The goal of my latest exercise at using the Open-Source circuit simulation software named ‘NG-SPICE’ consisted of designing a low-powered saw-wave generator. Here were the premises of the project:
- A train of pulses is to be taken as input, that are approximately of 1μS duration, 2V in amplitude, and that have a steady rate of recurrence of 100kHz.
- They are to be converted into a saw-wave that has an attack as fast as the pulses are short, and which has approximately linear falloff after each input pulse.
- One active component is a monolithic N-channel enhancement-mode MOSFET transistor with a gate size of approximately 100 microns squared – which therefore has poor qualities if compared to discrete components – but which is plausible as part of an IC with Medium Scale Integration (:2)

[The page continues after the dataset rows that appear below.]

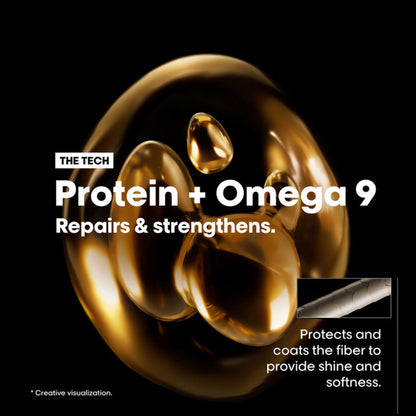 L'Oréal Professionnel Absolut Repair Shampoo for Dry and Damaged Hair with Protein & Omega-9 (300ml)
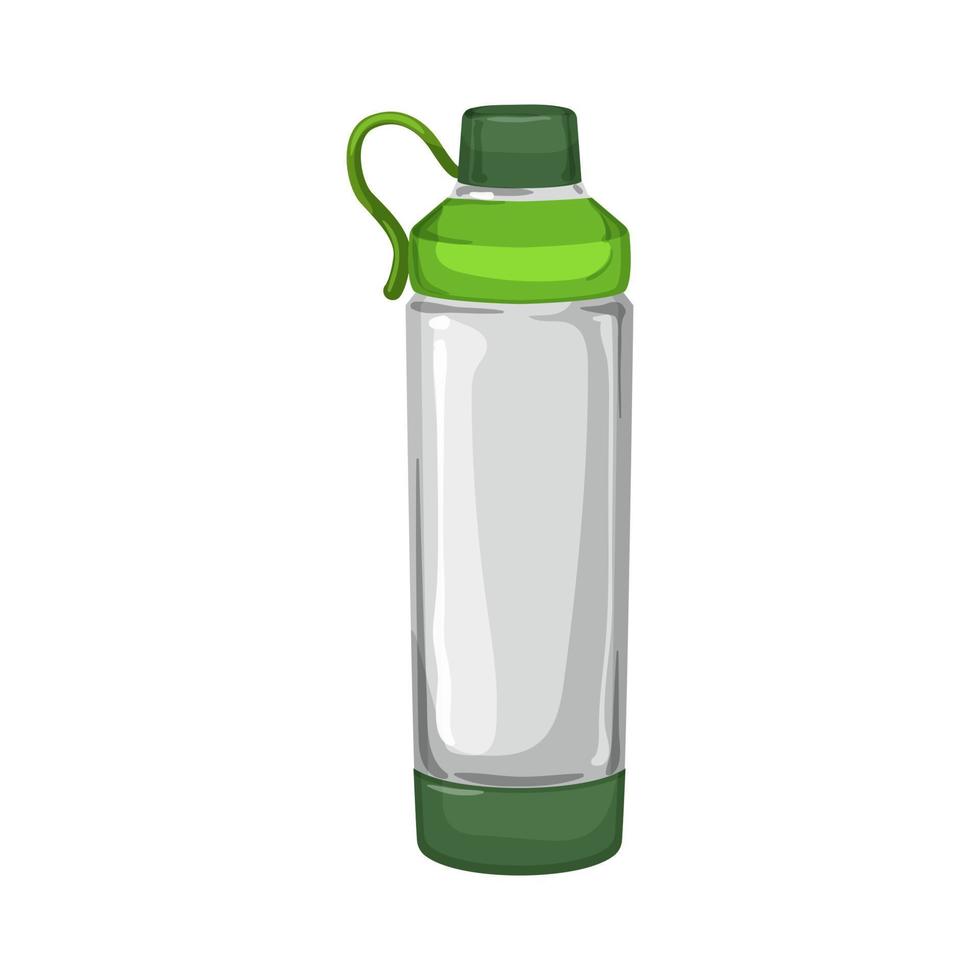 whey protein shaker cartoon vector illustration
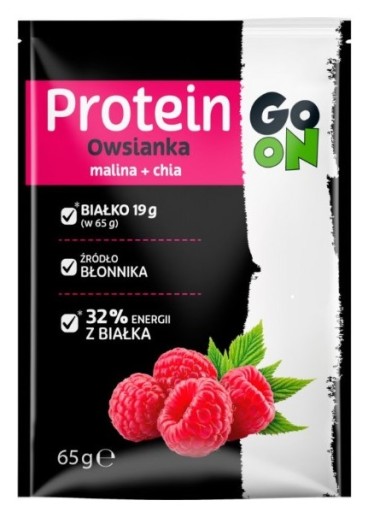 SANTE GO ON PROTEIN OVSENEJ VLOCKY 65G MALINA + CHIA NA RAŇAJKY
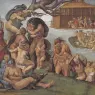 Michelangelo_Sistine_Chapel_Ceiling_Genesis_Noah_7_9_The_Flood_left_view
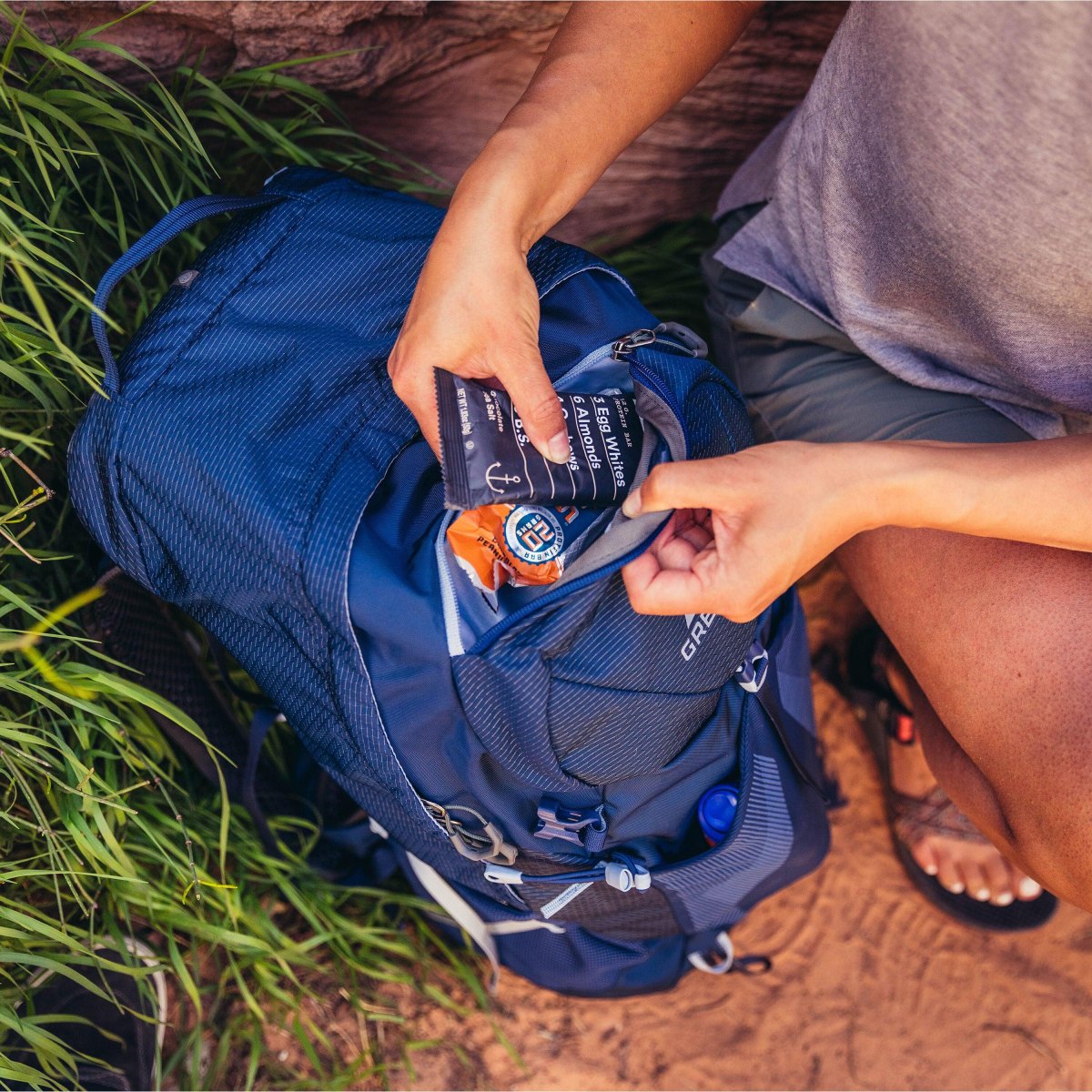 Protein bars ready for hiking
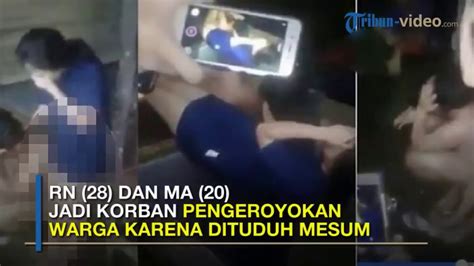 Masih Viralpasangan Mesum Di Telanjangi Di Tangerang Youtube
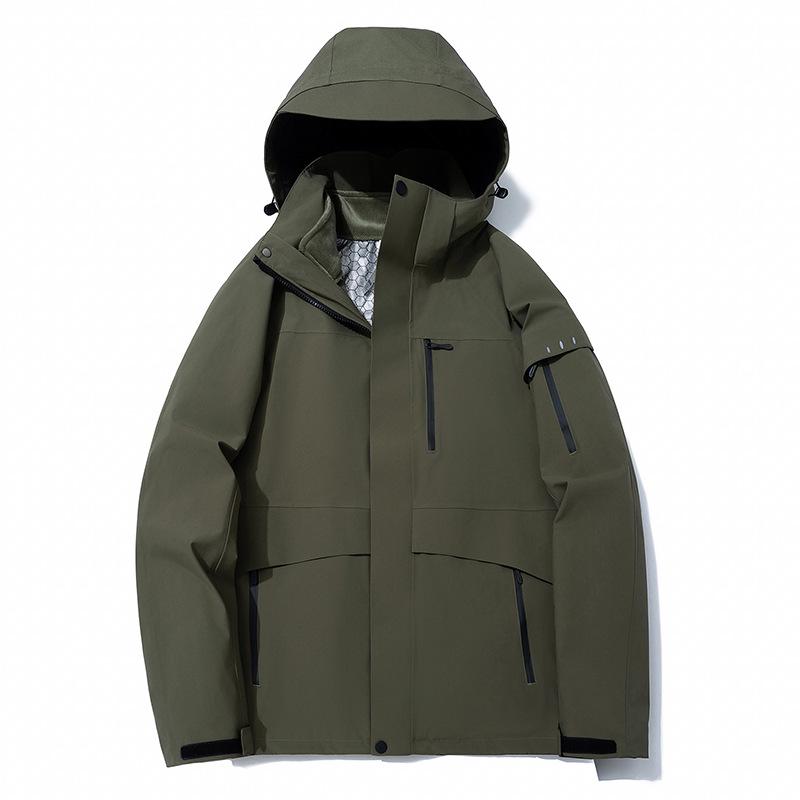 

2024 Premium Windproof Ski Jacket: Unisex Antiviral Waterproof Mountaineering Suit, 3-in-1 Detachable, Warm, Breathable S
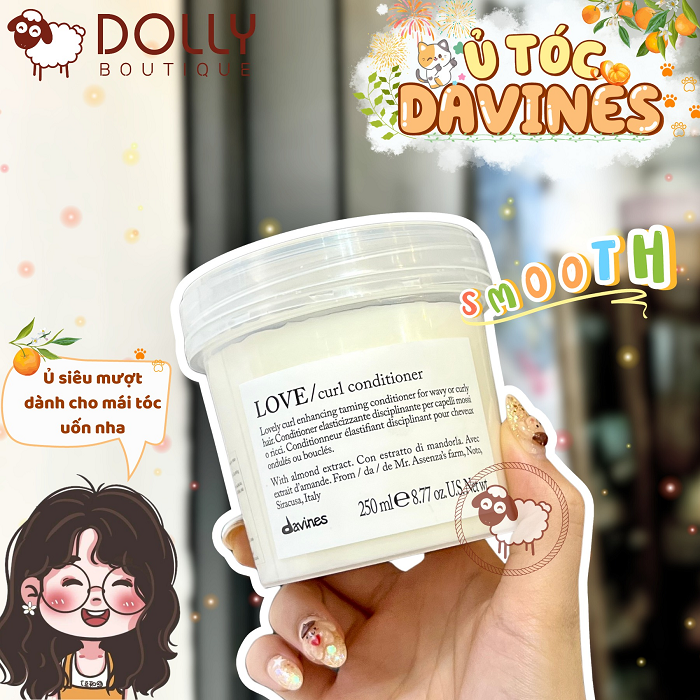 Dầu Xả Giàu Protein Davines Love Curl Conditioner - 250ml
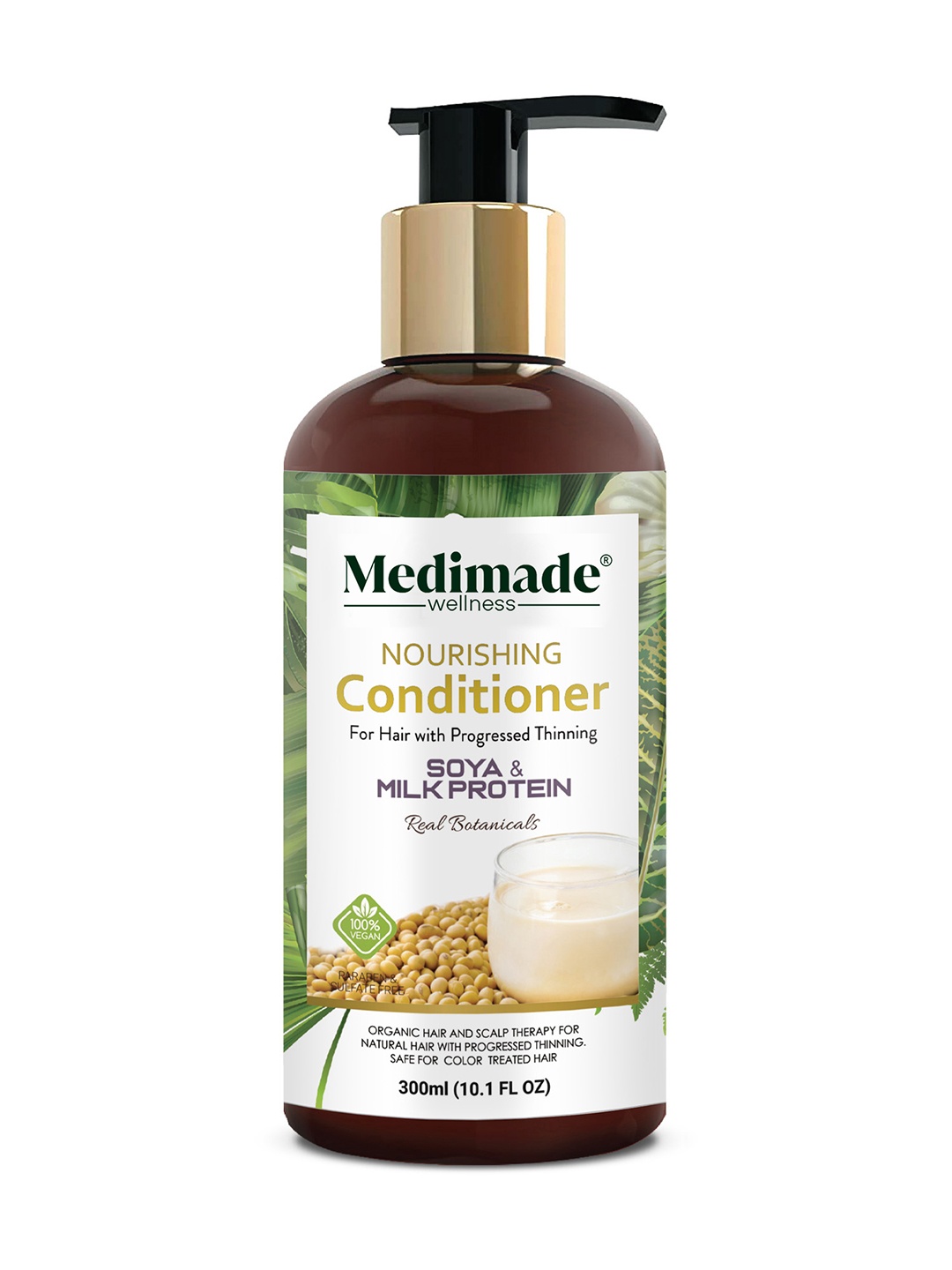 

Medimade Nourishing Conditioner with Soya and Milk Protein, White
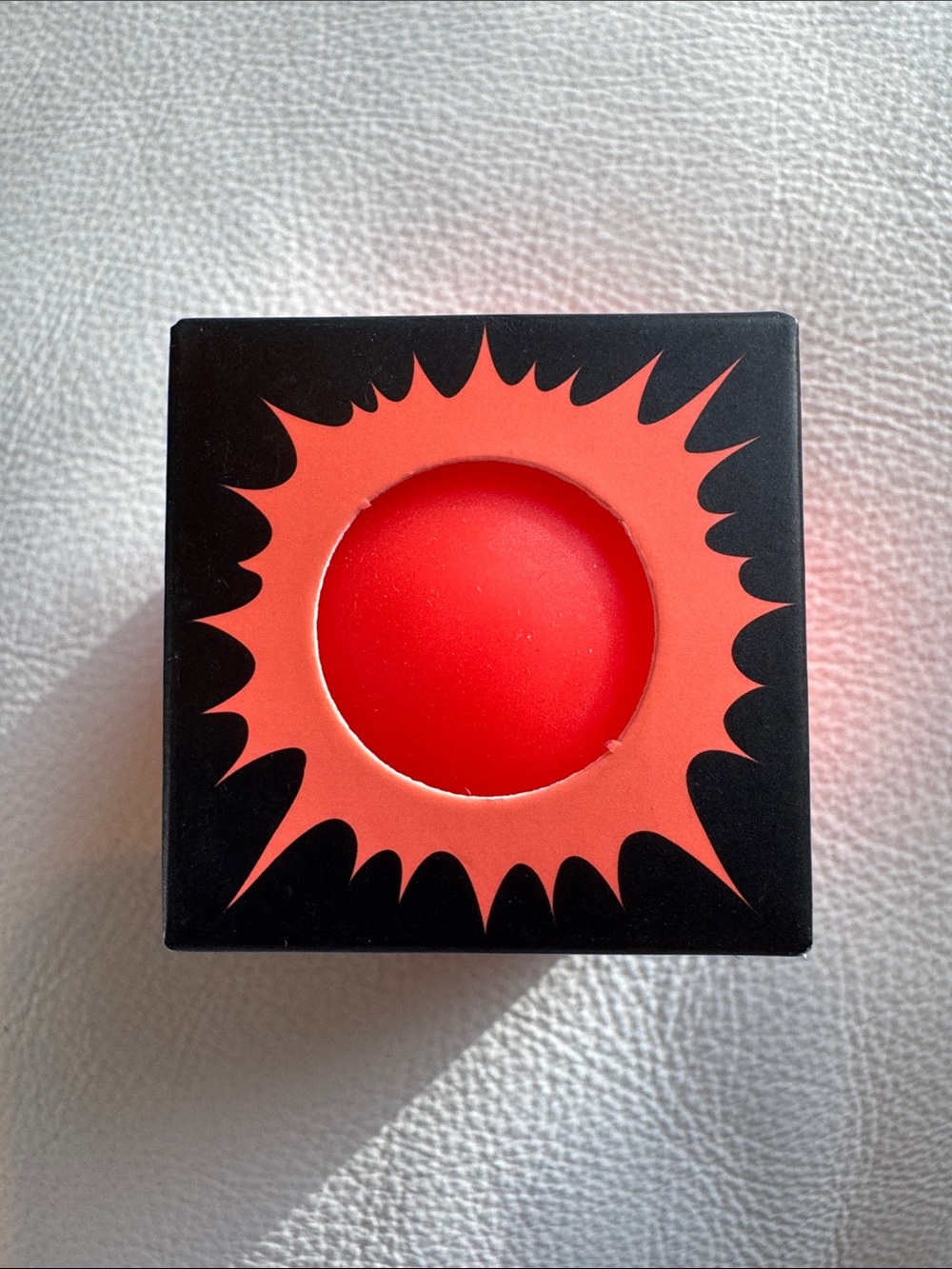 NeeDoh Teenie Glow in the Dark Neon Orange Squishy TikTok Viral Toy SHIPS TODAY! - Picture 2 of 4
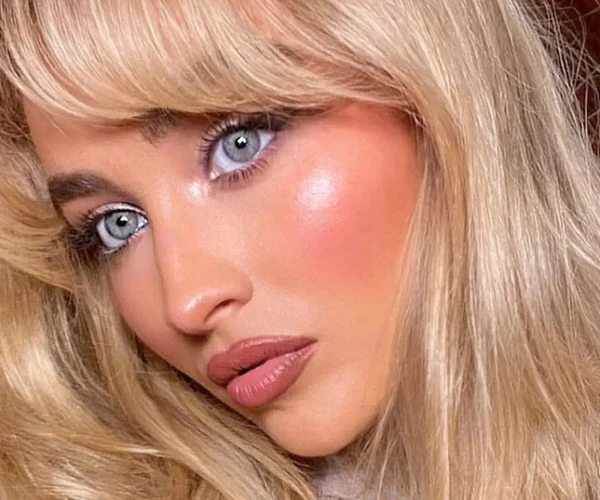 Sabrina Carpenter’s Viral Soft Glam (Doll Skin, Rosy Blush & Juicy Lips) cover photo collage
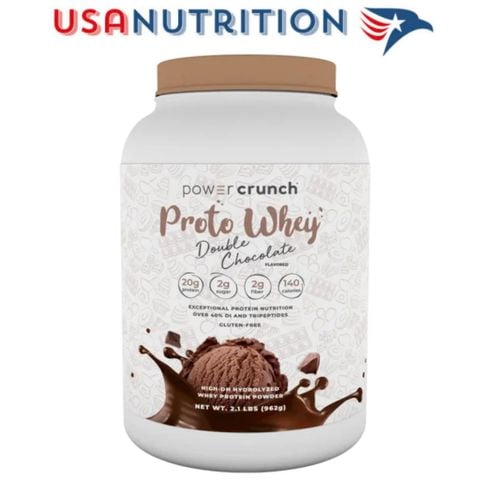  100% Whey Protein Hydrolyzed hấp thu siêu nhanh 2.1lbs 970g: Power Crunch 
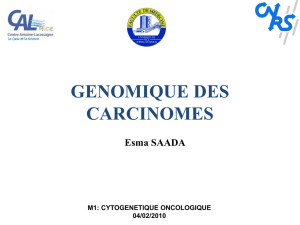genomique des carcinomes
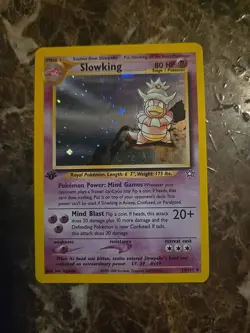Slowking 14/111 Neo Genesis Holo Vintage Pokemon WOTC 2000 Rare Card Value ? - Image 1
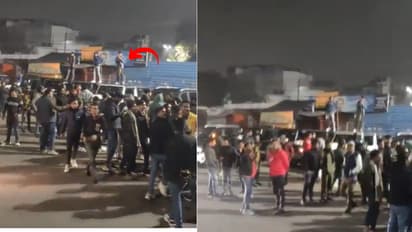 lucknow birthday party violence 50 cars arajakta police action viral video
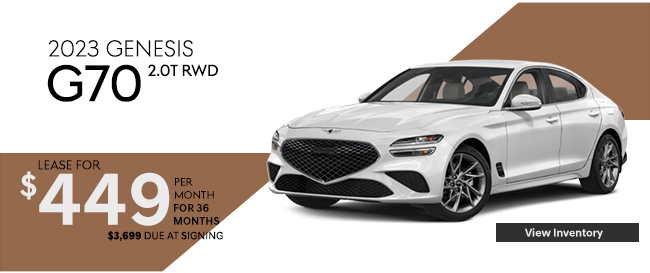 2023 Genesis G70 2.0T RWD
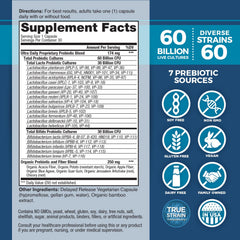 Vital Planet Vital Flora diverse strains visual (60 bacteria) for balance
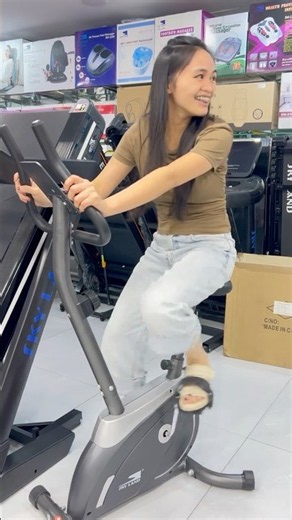 Skyland stationary bike| EM-1555 #homefitnessgym #reels #cardioexcercise #viralshorts #ladysport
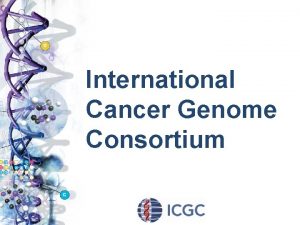 International Cancer Genome Consortium International Facts on Cancer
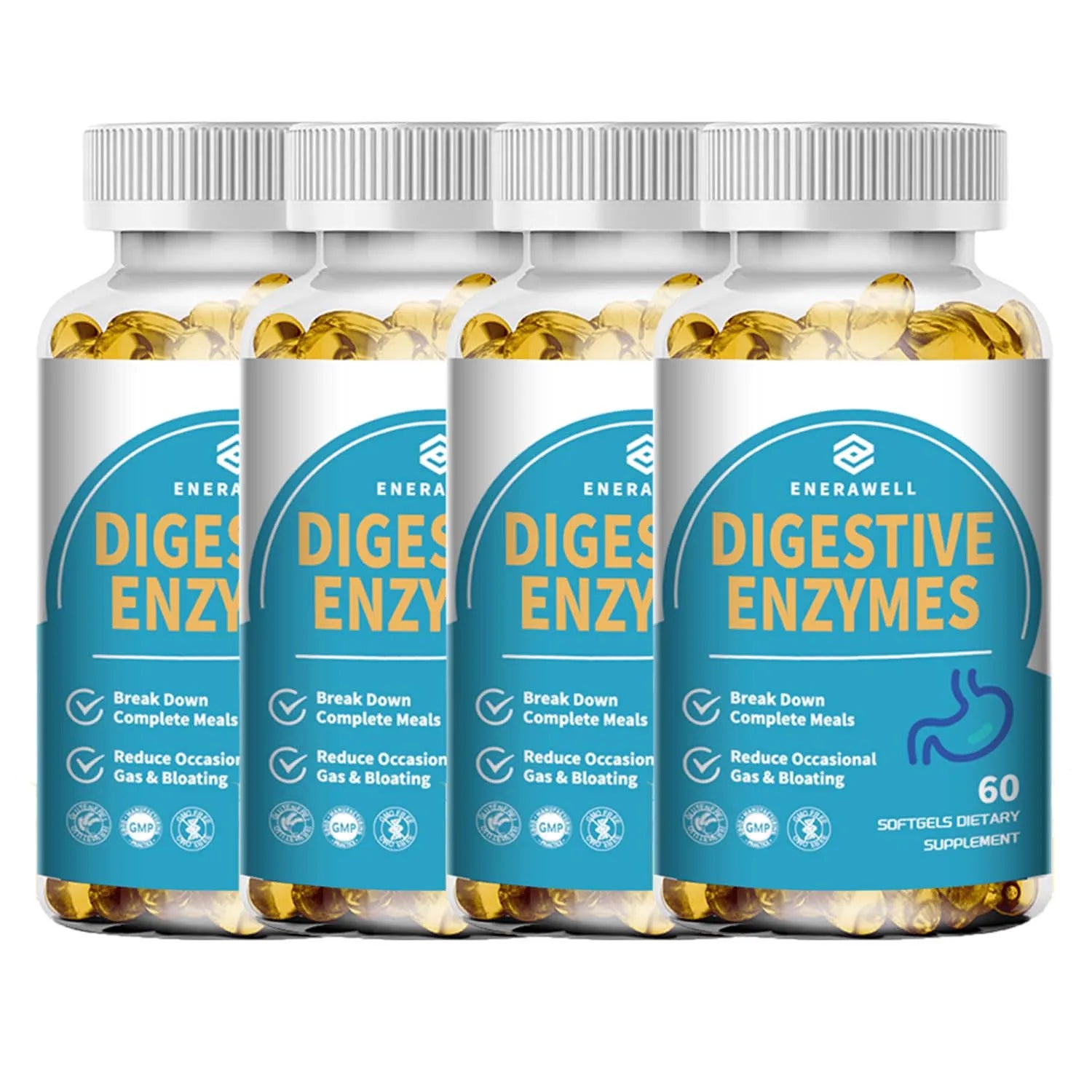 Digestive Enzymes Supplement - Digestion and Intestinal Health for Adults Men and Women, Promotes Nutrient Absorption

- The other active component is a bipolar diode of unknown weaknesses, which has been approximated as a discrete 1N4148 switching diode.
- The entire circuit is to operate off a 3V power supply.
- The maximum output load is in the vicinity of 100kΩ – 40kΩ, and must not change the internal workings of this circuit block. (:1)
- The output amplitude is to reach approximately +1V with respect to the circuit ground.
What was observed:
- The diodes were difficult to get into a conductive state at the low pulse-voltage.
- The chosen MOSFET makes a very poor output driver.
The experiment seems to have been successful.